2 talks (not necessarily in order) -->
Food/drinks/merriment provided by Yelp!
Using Beam and Flink to power Yelp’s real time indexing pipeline
Today, Yelp’s streaming infrastructure powers a variety of critical use cases. The data processing pipelines used by our Ranking Platform team to index documents in Elasticsearch are one of such critical systems that is now fully powered by streaming. Each indexing pipeline is a complex DAG of data transformations that involve joining, filtering and manipulating data from different sources. While some of these transformations can be expressed using SQL queries powered by Flink SQL, many others require business logic that has been implemented over the years in Python libraries. Thanks to its Python SDK, Apache Beam allows Yelp to fulfill this use case, by providing a rich API for stream data processing. In this talk, we’ll present how we introduced Apache Beam in our Apache Flink based data pipeline, the challenges that we faced along the way and how we are using Beam to power one of our indexing pipelines in production.
Speakers bio #1:
Guenther Starnberger is a Software Engineer at Yelp. As Search Infrastructure Tech Lead, he architected and implemented a new microservice-based search stack using Elasticsearch as the primary backend. Prior to that he worked as a Research Assistant at the Distributed Systems Group of the Vienna University of Technology where he also received his doctorate. He currently works on integrating Apache Beam into Yelp’s streaming infrastructure.

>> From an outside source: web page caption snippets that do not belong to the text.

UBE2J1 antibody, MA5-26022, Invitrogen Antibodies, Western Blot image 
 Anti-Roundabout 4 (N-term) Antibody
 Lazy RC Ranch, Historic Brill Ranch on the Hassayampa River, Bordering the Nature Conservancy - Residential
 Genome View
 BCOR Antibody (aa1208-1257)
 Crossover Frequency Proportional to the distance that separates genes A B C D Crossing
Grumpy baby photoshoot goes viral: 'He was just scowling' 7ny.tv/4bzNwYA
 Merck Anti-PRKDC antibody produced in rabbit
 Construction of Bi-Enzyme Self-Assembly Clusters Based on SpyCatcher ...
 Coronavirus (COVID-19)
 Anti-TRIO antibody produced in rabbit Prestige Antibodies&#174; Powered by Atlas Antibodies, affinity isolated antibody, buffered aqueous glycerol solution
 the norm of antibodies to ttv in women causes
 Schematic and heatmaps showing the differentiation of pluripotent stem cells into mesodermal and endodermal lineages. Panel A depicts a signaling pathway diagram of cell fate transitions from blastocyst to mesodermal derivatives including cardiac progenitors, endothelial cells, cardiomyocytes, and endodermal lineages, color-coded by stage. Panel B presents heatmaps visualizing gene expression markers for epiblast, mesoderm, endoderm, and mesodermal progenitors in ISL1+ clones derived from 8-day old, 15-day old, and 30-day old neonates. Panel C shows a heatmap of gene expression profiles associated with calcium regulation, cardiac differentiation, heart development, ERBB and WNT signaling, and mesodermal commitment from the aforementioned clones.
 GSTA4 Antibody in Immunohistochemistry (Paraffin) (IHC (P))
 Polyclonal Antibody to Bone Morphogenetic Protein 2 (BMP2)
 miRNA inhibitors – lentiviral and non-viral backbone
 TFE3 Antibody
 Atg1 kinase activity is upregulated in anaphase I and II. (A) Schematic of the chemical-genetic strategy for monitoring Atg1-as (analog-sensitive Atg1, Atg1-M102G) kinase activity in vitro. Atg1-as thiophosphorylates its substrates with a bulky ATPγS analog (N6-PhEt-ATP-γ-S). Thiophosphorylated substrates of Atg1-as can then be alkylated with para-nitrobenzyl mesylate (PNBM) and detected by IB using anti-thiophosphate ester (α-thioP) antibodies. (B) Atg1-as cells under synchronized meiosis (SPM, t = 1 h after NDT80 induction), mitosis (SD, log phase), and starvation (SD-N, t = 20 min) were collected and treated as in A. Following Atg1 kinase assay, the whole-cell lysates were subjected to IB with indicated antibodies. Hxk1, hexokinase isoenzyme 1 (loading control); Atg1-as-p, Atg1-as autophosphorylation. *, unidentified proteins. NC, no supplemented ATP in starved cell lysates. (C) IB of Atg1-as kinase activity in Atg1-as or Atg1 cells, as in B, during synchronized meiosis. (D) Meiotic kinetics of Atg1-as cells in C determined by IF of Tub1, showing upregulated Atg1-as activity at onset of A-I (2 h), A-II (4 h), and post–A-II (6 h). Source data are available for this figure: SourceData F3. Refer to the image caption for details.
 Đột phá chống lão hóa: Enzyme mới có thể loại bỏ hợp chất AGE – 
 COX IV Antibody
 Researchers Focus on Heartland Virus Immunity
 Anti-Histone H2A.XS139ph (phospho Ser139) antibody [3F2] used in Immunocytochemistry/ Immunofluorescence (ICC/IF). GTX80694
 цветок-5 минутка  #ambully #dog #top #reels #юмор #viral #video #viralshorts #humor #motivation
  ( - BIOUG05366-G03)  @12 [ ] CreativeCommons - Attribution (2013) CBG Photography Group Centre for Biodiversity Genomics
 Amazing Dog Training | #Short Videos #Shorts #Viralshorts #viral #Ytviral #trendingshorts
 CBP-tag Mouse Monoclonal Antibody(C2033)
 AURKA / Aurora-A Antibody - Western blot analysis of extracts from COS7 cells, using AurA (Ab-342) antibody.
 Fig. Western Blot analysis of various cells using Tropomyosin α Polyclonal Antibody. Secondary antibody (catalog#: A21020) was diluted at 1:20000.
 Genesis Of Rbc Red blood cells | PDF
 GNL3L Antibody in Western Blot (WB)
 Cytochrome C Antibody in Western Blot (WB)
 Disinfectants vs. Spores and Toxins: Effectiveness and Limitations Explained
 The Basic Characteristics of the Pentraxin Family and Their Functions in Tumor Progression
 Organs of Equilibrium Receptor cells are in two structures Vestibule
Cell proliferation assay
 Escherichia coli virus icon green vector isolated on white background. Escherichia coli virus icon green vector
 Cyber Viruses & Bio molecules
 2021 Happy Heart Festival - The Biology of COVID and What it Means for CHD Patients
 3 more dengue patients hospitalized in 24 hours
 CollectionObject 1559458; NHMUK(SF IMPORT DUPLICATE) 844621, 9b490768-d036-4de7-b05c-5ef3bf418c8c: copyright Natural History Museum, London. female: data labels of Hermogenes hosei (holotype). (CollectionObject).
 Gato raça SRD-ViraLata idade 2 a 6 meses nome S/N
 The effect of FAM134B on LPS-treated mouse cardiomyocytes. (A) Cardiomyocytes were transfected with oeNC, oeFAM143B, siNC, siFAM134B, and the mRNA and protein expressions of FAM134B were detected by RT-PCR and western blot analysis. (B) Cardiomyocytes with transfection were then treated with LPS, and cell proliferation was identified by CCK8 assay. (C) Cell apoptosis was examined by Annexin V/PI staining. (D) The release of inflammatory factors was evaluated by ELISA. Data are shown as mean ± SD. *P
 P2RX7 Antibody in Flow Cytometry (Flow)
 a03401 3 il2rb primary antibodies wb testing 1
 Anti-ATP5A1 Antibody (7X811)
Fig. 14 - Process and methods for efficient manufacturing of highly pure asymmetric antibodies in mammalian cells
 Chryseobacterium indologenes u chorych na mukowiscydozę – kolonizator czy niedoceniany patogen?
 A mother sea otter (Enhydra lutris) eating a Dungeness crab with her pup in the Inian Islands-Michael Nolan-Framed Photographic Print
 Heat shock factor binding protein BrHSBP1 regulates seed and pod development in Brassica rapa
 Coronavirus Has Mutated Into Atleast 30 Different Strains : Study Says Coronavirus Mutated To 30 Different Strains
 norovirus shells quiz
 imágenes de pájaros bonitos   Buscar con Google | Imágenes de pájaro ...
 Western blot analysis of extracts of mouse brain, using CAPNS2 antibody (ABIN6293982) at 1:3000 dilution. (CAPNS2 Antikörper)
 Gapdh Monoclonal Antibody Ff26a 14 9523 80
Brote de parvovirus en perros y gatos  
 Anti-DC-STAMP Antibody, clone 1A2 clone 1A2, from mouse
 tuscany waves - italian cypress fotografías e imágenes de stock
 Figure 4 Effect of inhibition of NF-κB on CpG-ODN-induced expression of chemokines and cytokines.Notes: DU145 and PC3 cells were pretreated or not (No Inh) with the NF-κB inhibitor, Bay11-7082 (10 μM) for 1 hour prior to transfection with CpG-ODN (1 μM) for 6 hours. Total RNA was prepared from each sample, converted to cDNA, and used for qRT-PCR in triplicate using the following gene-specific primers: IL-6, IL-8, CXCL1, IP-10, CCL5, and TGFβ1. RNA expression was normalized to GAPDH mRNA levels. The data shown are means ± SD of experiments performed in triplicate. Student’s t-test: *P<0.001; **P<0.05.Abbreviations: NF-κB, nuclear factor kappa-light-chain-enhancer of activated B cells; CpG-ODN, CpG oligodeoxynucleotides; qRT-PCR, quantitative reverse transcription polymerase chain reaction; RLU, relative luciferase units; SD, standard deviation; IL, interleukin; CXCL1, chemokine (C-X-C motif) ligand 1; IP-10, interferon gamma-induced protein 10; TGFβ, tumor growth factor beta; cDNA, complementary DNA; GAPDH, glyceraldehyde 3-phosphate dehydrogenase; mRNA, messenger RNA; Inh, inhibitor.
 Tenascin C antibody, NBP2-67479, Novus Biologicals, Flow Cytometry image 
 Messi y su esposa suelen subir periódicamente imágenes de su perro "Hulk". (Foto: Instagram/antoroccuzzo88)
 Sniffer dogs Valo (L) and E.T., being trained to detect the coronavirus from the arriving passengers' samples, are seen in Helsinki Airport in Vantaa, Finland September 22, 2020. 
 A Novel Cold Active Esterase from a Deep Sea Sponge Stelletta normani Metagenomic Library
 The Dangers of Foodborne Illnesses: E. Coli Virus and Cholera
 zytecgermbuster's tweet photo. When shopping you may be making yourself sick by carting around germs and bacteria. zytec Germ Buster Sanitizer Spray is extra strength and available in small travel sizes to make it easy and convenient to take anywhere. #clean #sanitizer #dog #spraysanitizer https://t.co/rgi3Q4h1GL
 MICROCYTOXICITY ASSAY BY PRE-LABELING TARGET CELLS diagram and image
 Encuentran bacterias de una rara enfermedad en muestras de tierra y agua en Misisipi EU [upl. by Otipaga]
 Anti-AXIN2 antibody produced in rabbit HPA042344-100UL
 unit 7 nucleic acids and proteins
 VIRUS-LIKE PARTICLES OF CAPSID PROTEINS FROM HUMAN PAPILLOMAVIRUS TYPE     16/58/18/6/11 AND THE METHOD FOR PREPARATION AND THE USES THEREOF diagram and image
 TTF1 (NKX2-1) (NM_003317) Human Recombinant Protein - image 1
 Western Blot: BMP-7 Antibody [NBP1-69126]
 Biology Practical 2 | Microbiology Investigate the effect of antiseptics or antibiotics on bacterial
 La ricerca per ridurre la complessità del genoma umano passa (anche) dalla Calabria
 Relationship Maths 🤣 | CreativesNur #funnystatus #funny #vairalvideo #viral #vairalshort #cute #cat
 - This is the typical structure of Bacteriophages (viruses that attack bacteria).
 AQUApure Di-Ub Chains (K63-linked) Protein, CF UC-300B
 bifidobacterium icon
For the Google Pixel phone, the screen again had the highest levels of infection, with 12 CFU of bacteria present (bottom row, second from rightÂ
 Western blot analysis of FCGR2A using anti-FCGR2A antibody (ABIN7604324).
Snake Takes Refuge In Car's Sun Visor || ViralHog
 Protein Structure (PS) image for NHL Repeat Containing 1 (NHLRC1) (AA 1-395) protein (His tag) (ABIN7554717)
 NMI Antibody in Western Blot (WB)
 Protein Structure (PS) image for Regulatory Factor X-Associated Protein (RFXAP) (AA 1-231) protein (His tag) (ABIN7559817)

Enrico works as a tech lead of the Data Infrastructure at Yelp, designing, building and maintaining data streaming and real-time processing infrastructure. Since 2013 he’s been working on real-time processing systems, designing and scaling Yelp's data pipeline to move and process in real-time hundreds of terabytes of data and tens of billions of messages every day. Enrico loves designing robust software solutions for stream processing that scale and building tools to make application developers’ interaction with the infrastructure as simple as possible.
Title for #2:
A crash-course introduction to Apache Beam Python SDK.
Apache Beam provides a simple, powerful programming model for building batch and streaming parallel data processing pipelines. The Apache Beam SDK for Python provides access to Apache Beam capabilities from the Python programming language. In this talk we will give a high-level overview of Python SDK, and discuss recent improvements in Beam portability, customizing Python runtime environments, and support for Python3-style type hints (PEP 484).
The talk may be interesting to both new and seasoned users of Beam as well as Pythonistas not (yet) familiar with Beam.
Udi Meiri is a Software Engineer in Google Cloud Platform and an Apache Beam committer. Most recently Udi has been working on strengthening type inference capabilities in Beam Python SDK, Beam IO connectors, and improving developer experience.
Valentyn Tymofieiev is a Software Engineer in Google Cloud Platform and an Apache Beam committer. Most recently Valentyn has been coordinating the efforts to offer Python 3 support in Apache Beam and Google Cloud Dataflow.